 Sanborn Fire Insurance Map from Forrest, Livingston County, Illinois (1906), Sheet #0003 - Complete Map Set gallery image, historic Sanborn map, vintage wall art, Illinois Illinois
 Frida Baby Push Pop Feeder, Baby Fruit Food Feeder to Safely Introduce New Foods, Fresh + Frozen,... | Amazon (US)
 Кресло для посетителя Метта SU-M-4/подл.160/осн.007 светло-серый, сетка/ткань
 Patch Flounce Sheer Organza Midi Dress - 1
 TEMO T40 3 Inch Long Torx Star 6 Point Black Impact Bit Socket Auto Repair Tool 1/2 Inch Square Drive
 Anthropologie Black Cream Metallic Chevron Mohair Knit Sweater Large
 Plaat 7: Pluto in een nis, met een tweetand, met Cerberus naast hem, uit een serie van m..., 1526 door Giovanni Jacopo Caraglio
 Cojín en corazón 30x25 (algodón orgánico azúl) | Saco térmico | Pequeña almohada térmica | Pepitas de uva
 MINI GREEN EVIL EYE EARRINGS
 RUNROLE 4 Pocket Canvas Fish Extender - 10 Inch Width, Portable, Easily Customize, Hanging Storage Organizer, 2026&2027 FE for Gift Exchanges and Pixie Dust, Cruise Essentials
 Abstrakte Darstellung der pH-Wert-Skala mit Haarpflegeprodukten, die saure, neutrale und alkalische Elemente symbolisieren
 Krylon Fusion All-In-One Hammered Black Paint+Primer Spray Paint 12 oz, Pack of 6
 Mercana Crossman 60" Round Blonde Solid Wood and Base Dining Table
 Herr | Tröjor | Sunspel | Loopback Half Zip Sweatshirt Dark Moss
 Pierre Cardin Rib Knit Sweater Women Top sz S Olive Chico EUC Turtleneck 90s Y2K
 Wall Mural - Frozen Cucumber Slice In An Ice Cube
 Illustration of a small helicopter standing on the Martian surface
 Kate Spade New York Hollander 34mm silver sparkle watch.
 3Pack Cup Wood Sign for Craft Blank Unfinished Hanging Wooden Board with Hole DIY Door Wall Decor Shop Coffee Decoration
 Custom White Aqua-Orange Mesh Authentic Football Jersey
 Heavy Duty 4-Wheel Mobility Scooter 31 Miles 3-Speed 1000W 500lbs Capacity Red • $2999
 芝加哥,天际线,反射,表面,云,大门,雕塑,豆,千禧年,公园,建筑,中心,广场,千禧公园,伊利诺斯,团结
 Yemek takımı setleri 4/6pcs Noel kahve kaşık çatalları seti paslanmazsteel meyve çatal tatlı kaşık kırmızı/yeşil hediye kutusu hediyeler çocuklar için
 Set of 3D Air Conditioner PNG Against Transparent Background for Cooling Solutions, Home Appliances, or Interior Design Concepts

+===+

• _AIM OF THE EXERCISE_
Return, from the data above, each line in which the string "Black" appears.

• _ANSWER_
 TEMO T40 3 Inch Long Torx Star 6 Point Black Impact Bit Socket Auto Repair Tool 1/2 Inch Square Drive
 Anthropologie Black Cream Metallic Chevron Mohair Knit Sweater Large
 Krylon Fusion All-In-One Hammered Black Paint+Primer Spray Paint 12 oz, Pack of 6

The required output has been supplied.